Description of the task
Below are the records. List every line holding the word "Collection".

------------

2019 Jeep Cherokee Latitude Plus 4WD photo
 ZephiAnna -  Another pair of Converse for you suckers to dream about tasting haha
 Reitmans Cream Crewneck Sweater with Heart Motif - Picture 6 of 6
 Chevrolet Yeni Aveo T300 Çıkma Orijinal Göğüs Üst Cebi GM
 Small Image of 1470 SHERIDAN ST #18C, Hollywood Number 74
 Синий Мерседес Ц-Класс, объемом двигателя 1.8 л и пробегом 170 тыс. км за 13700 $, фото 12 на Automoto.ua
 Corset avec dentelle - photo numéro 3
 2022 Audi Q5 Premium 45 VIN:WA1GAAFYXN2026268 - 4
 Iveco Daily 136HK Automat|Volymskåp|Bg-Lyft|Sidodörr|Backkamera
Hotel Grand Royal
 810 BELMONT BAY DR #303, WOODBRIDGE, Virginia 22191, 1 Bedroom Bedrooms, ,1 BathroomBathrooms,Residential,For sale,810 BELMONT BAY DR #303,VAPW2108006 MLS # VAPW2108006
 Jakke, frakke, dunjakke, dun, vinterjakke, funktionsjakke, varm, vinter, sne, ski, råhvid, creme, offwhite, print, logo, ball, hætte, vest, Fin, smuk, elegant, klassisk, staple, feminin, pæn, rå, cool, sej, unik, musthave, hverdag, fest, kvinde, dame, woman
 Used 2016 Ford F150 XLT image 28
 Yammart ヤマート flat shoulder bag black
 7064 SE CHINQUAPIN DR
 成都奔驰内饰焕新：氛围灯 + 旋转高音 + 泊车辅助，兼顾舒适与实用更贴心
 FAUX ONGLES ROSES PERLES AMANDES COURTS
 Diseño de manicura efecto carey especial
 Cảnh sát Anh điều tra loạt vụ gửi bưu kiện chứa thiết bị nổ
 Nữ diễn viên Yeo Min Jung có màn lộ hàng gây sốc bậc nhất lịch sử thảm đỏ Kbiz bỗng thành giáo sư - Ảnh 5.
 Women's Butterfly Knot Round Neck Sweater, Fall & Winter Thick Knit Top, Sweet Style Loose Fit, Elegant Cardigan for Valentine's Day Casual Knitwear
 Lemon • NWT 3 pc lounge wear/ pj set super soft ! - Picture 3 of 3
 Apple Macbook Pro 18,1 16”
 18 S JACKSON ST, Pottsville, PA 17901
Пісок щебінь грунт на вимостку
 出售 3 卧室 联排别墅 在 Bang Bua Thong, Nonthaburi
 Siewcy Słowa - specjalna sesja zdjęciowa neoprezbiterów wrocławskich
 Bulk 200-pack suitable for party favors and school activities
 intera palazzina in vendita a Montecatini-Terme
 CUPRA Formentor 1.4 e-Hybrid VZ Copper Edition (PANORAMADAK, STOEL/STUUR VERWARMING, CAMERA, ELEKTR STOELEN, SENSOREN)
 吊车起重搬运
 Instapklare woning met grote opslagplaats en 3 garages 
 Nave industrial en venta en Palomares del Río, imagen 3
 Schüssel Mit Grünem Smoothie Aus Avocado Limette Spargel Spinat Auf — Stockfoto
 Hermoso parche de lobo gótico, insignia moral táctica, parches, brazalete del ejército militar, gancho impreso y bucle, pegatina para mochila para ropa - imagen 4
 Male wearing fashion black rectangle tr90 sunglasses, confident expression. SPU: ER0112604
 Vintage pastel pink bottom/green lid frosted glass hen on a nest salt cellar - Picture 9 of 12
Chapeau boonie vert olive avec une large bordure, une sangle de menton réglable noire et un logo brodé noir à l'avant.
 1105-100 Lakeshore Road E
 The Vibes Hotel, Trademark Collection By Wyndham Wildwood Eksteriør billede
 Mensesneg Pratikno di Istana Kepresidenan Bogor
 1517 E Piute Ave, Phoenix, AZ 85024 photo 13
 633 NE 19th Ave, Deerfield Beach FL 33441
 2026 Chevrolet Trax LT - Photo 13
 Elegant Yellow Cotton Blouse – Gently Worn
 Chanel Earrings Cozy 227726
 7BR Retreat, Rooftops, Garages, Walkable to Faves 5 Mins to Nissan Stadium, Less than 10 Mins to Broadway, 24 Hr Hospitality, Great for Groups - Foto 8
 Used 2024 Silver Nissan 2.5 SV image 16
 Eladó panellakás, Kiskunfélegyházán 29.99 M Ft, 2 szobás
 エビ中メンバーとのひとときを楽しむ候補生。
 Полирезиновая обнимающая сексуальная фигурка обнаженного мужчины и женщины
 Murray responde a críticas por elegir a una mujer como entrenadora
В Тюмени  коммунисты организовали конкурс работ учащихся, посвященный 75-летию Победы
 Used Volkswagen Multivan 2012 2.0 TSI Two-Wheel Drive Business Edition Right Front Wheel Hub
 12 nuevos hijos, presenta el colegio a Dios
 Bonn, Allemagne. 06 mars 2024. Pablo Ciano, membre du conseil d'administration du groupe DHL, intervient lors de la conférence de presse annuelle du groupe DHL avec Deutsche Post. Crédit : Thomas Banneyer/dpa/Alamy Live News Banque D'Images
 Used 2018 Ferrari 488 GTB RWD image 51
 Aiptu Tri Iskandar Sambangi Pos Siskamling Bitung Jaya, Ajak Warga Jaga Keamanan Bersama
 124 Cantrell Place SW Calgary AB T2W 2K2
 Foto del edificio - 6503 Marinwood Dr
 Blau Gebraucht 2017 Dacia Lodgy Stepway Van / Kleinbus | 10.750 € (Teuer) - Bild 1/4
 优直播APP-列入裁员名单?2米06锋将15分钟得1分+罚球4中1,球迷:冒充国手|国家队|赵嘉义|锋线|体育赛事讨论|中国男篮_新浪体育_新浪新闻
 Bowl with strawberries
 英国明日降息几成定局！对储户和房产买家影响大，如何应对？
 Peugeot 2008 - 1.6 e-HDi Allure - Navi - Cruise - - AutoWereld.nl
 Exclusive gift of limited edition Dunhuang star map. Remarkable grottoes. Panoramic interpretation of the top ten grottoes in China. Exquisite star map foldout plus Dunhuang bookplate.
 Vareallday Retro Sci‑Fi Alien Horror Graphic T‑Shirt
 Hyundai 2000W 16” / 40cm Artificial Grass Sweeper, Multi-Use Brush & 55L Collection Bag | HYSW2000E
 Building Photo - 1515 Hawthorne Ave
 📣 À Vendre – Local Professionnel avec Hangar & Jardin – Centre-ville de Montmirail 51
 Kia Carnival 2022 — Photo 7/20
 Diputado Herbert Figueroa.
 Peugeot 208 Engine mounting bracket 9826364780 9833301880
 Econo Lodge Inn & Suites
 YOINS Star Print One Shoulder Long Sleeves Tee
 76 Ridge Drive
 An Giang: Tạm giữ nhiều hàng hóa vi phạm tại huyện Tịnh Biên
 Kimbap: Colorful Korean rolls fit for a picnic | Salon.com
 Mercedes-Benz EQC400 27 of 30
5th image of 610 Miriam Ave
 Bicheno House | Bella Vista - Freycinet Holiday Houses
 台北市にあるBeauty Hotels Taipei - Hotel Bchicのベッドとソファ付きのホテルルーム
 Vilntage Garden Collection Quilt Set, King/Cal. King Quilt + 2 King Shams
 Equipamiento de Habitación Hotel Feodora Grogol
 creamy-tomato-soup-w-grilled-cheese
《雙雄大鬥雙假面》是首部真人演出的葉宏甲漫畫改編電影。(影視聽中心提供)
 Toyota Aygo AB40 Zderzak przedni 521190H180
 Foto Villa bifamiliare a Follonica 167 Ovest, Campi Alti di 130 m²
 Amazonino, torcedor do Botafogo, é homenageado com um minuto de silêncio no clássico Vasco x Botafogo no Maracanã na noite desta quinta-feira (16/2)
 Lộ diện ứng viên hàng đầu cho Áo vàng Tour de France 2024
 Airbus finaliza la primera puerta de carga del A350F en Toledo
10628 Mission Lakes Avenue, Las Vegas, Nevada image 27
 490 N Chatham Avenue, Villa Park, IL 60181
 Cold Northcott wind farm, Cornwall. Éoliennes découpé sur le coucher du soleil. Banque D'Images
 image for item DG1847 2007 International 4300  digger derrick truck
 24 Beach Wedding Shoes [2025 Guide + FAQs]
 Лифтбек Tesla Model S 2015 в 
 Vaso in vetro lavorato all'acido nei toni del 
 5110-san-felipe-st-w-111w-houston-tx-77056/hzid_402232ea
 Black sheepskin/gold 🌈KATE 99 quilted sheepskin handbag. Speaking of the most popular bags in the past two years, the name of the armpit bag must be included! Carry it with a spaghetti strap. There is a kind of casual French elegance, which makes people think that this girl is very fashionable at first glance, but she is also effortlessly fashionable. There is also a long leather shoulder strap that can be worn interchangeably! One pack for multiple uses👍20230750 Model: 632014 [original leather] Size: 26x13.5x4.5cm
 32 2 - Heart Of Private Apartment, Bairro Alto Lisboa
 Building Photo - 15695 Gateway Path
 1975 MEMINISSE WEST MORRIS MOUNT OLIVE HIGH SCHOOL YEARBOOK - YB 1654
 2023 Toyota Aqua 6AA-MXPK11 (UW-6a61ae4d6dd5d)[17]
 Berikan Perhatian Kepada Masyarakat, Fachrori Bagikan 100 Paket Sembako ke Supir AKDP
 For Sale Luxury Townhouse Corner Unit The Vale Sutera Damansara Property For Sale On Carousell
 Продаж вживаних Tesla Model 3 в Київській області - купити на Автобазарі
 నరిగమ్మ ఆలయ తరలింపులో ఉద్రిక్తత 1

------------

Output
 The Vibes Hotel, Trademark Collection By Wyndham Wildwood Eksteriør billede
 Hyundai 2000W 16” / 40cm Artificial Grass Sweeper, Multi-Use Brush & 55L Collection Bag | HYSW2000E
 Vilntage Garden Collection Quilt Set, King/Cal. King Quilt + 2 King Shams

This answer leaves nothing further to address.